I think that my 19th year on this earth was my favorite. I actually cried and cried when I turned 20 because I was no longer a teenager. I lived in Phoenix at the time, was the prestigious "Assitant Manager" at Baskin Robbins, was travelling around with a rock band...I won't divulge the name...and just having a good ole time.
When I look back on those times, I realize there was something missing. I think that I knew there was something missing at the time but was quite uncertain of exactly what that was. I know now that it was the presence of God in my life.
I made a few real friends, of which I still have a couple. I also made a lot of enemies.
That is probably my biggest regret from those days.
Why did I make enemies? Because I was selfish with a capitol 'S'.
I want what I want and ASAP, forget the niceties of "please & thank you". If I didn't get what I wanted, I found a way to manipulate the situation so that I could. I stepped on toes and hearts...plenty of them...along the way.

Now that I do have God in my life, I ask myself if I am still just as selfish as I was back then. Am I still stepping on people's toes? On their hearts? Do I manipulate situations in order to get what I want? I have had people tell me that I have a big heart. I wonder if they really see what's inside of me or if they are just "pumping sunshine" as I like to call it.

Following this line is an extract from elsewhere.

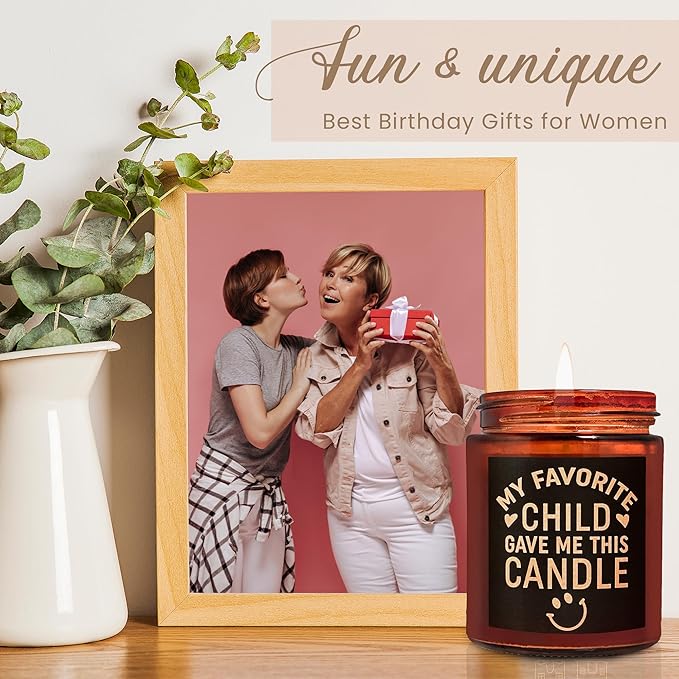 Birthday Gifts for Mom from Son, Daughter - Favorite Child Candle - Mom Candle, Funny Mother Gifts - Fun Relaxing Gift for Women - Lavender Vanilla Natural Soy Wax Candle for Home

I am a no nonsense kind of person. I don't like being lied to, and I don't lie to others because that is the way I expect to be dealt with--honestly. If it must be brutal, bring it on, just say it like it is. When someone tells me what they think I want to hear just to fudge on the truth, tell a "white lie", omit details, etc....to me, that is blatant dishonesty. The reason I feel so strongly about this is that my Dad pounded it into my head, AND I learned at an early age how to do just that to other people in order to get my way. I was a pro at it. Not something I like to admit, but true none the less. I have not practiced these tactics for years, however, and that is something I am proud to say.

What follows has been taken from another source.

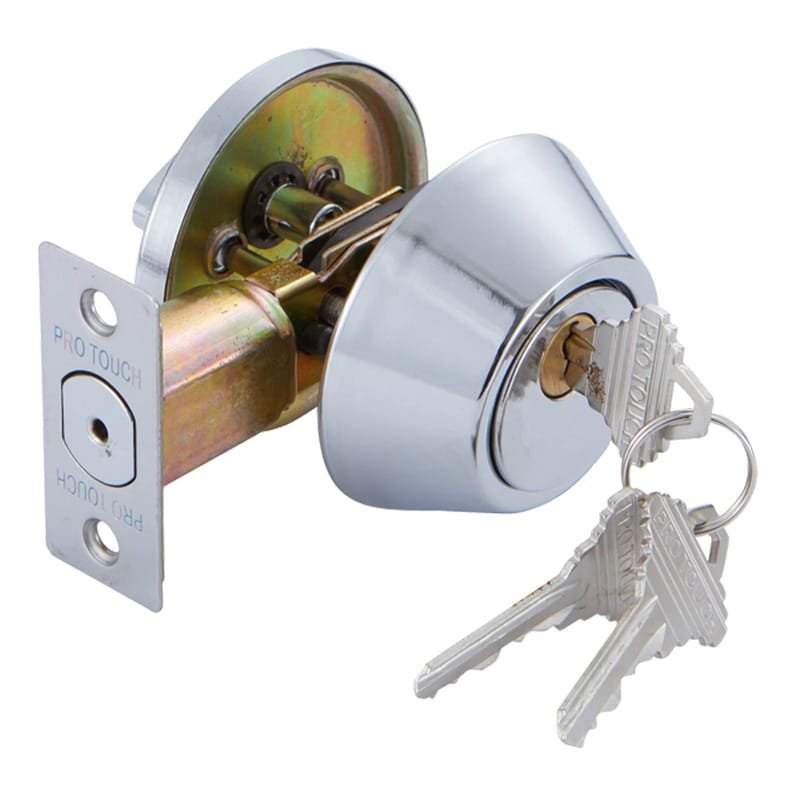 DEADBOLT SINGLE W/KEYS SILVER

What does any of this have to do with current events? Let's just say that I am aware of a situation where I believe these very tactics are being used, and I am on the receiving end of it. I question whether or not I have been duped. I wonder through most of every waking moment if I am being punished for my past. I AM a Christian. I KNOW that Christ died for me, so my sins could be forgiven. He wiped my slate clean. Does that mean that on this earth, I won't have to pay for my past. I believe it does...so why is this happening? Is this a test of faith for me? Is this what I needed to jar me back into Spiritual reality? I have become such a transparent person in my growth as a Christian, and probably an easy target. I may very well have a bullseye painted on my back and not even realize it.

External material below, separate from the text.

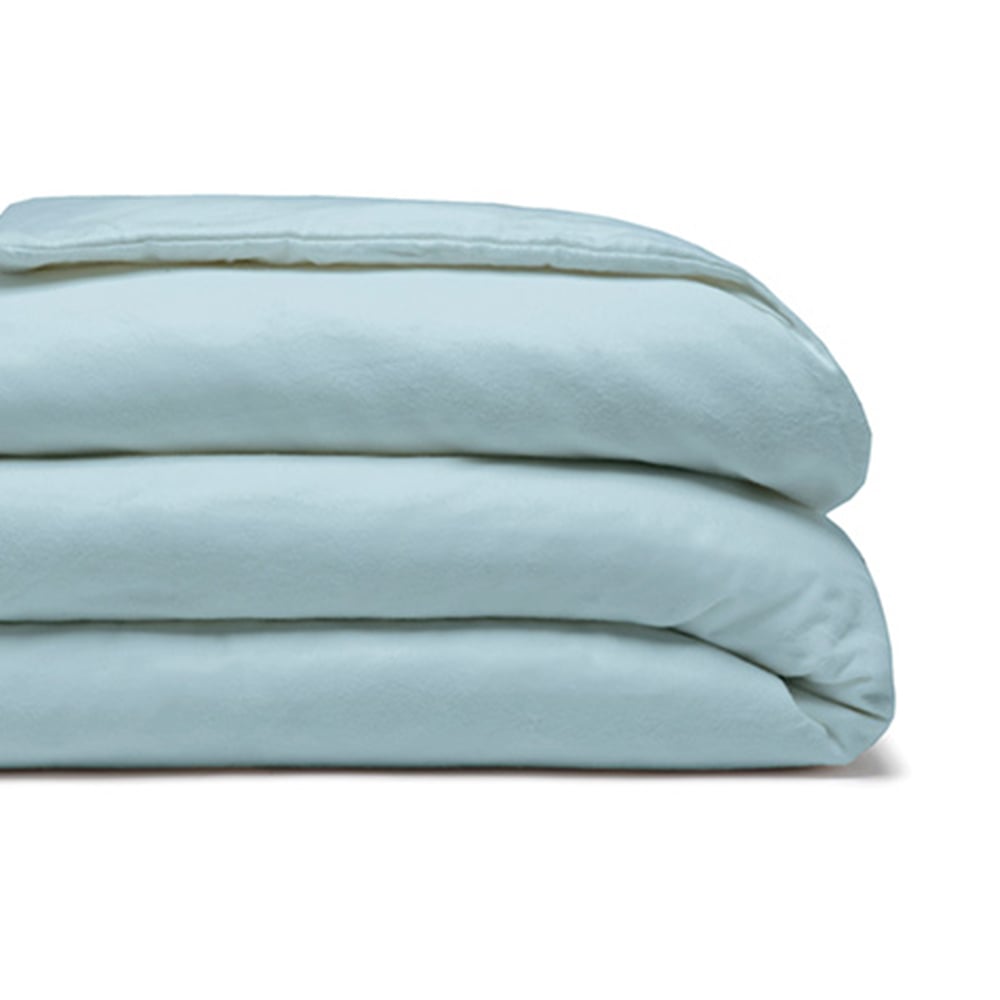 Serene Super King Size Blue Brushed Cotton Duvet Cover Image 3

"So, you bright, intelligent woman, why are you telling the world all of this via internet?"
It stops now. Today.

I can be strong enough to allow God to guide me through the next chapter in my life, and I will. I am determined. Have I stated this already? Yes, I have and I mean it.
Today is the beginning of the week and the first day of the rest of my life.
I'm done with the past. ALL of it. I am starting fresh.
Yes, God and I have discussed it and He will be with me every step of the way. If it creates a little heartache on my end...so be it. There's been plenty of that going on anyway. So....19 days and counting?
How about Day #1 and taking it step by step?
Yes, I'm on my way.

1 comment:

  1. All I can say is frommy experience...in my life, I have found that God presents obstacles for me to overcome for a reason. I have found that when I really think about it, I realize what that reason is; and this makes it so much easier for me to deal with the problem. God bless.